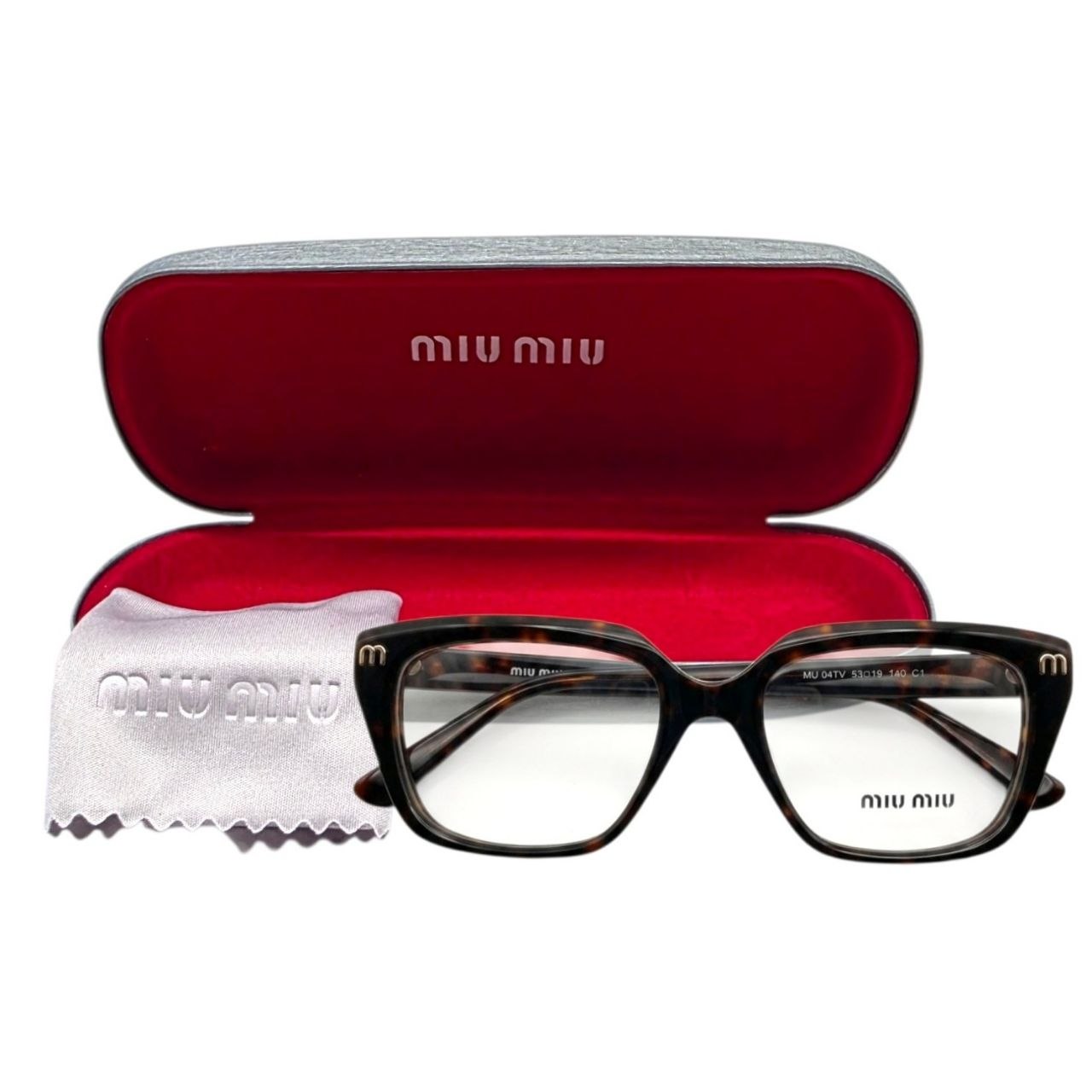 LENTES ORIGINALES PARA GRADUAR PARA DAMA MIU MIU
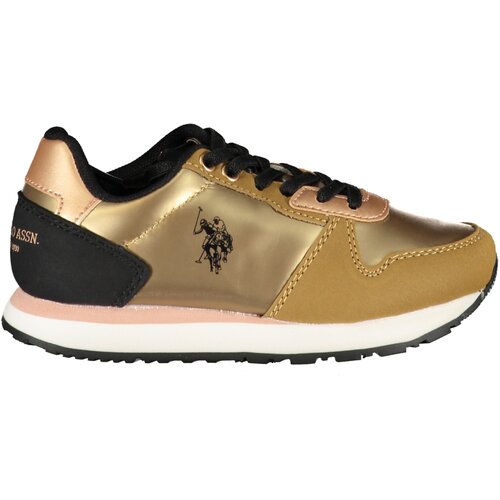 U.S. Polo Assn. GOLD CHILDREN&amp;amp;#39;S SPORTS SHOES Slike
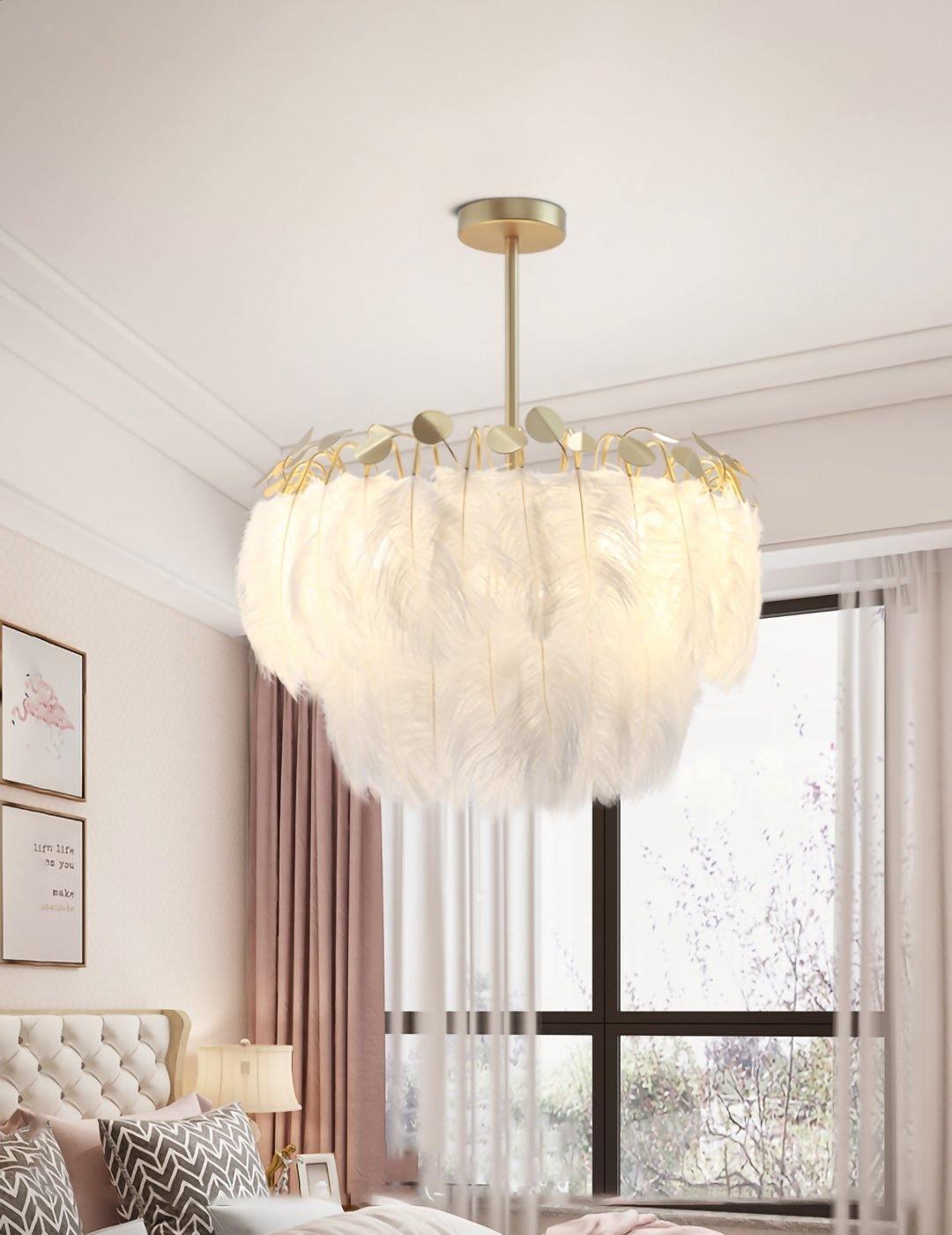 Feather Pendant Lamp - view 19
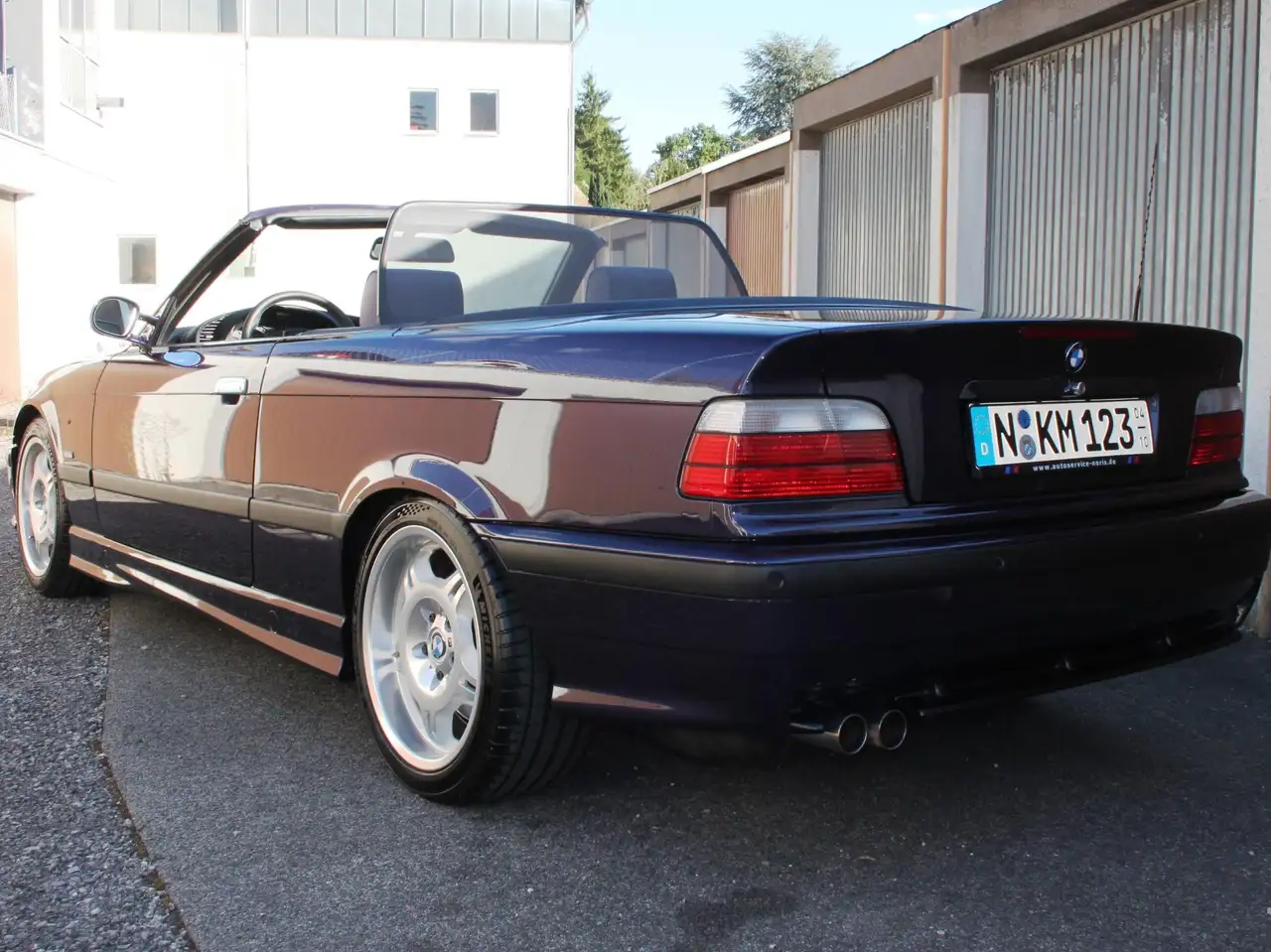 BMW M3 Cabrio E36 SMG 1. Hand, foto 4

* **ACTIVITY**: If a picture falls within the lines from the one containing "U.S. Polo Assn." through the end of the material, leave it out while repeating those lines exactly.

* **COMPLETED EXERCISE**:
 U.S. Polo Assn. GOLD CHILDREN&amp;amp;#39;S SPORTS SHOES Slike
 Feather Pendant Lamp - view 19
 BMW M3 Cabrio E36 SMG 1. Hand, foto 4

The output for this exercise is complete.